OpaqueDB

Run SQL over encrypted data without revealing the query.

What it is · Quickstart · Docs · Use cases · What it is not · Building · Cluster · References · License · Donate


What it is

OpaqueDB answers SQL queries over data without learning what you asked for. A client encrypts the value it is searching for under its own key. The server evaluates the match over encrypted data and returns an encrypted result that only the client can decrypt. The operator runs the query but never sees the query value or the secret key.
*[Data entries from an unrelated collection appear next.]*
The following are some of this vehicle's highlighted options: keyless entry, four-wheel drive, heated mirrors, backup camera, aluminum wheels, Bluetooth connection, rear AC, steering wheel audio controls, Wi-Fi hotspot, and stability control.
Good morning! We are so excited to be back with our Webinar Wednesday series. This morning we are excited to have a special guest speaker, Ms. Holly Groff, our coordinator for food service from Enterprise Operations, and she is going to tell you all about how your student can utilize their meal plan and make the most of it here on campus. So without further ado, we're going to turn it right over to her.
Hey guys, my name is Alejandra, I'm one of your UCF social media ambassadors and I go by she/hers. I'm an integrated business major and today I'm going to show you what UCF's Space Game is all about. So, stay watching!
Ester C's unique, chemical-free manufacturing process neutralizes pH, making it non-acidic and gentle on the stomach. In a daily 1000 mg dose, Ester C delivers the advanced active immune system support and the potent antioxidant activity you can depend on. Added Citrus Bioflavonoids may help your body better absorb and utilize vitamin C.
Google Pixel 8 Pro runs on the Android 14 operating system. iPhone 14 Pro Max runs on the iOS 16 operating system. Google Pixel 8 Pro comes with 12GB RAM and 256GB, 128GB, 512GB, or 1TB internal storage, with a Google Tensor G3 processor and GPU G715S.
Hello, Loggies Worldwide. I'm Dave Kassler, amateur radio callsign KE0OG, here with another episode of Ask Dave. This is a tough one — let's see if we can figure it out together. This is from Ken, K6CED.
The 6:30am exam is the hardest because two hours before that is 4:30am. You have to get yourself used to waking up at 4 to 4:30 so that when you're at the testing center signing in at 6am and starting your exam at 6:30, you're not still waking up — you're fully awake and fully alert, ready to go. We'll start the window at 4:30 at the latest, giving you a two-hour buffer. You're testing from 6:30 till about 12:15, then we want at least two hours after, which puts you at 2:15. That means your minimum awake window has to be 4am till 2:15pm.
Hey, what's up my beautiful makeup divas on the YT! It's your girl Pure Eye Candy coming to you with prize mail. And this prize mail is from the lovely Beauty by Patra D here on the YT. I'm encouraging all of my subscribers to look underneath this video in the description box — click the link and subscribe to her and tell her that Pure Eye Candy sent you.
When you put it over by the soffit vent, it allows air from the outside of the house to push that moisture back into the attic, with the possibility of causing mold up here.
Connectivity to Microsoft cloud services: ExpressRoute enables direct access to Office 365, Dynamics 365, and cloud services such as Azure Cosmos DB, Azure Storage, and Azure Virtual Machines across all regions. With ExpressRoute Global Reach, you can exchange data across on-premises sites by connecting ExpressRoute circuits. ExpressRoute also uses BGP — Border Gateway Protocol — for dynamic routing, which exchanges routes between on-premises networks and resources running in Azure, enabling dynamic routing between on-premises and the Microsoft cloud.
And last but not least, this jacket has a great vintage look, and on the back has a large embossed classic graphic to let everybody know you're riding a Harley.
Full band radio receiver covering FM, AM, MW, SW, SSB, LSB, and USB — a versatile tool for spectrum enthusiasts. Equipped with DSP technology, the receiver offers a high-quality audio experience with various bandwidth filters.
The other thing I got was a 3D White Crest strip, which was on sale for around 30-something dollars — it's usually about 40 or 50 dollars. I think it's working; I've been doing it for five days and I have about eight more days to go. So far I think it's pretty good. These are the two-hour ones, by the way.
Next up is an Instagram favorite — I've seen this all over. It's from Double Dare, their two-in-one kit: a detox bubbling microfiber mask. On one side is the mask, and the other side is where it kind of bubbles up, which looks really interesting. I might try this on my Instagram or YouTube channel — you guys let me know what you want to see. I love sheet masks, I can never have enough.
It is a computational private information retrieval (PIR) system built on Microsoft SEAL with the BFV scheme. The privacy guarantee is precise:

  • Privacy rests on Ring-LWE, a lattice assumption with no known quantum attack.
  • It holds against a semi-honest operator. There is no non-collusion assumption between servers, so the whole cluster is one trust domain.
  • Today the system is QueryPrivate: the operator never learns the query value. DataPrivate mode, where the operator also never learns the stored data, is a later release.

The deployed unit is a sharded cluster of identical nodes. Sharding spreads the linear scan that PIR requires across many machines.

For where this fits, from private credential checks to confidential lookups, see the use cases on the docs site.

How matching works

The match key is binary-expanded into key_bits SIMD slots per record and many records are packed into the slots of one ciphertext. For each query the server computes, in parallel across the whole batch:

  1. diff = query - key then sq = diff * diff, giving (q-k)^2, which is 0 where bits match and 1 where they differ;
  2. eq = 1 - sq, the per-bit XNOR, then an AND across each record's bits by a rotate-and-multiply tree of depth log2(key_bits), leaving the equality indicator per record;
  3. a plaintext-masked retrieve: multiply the indicator by the packed payload and sum, so only the matching record's payload survives, plus an encrypted presence count so a no-match query returns an empty result.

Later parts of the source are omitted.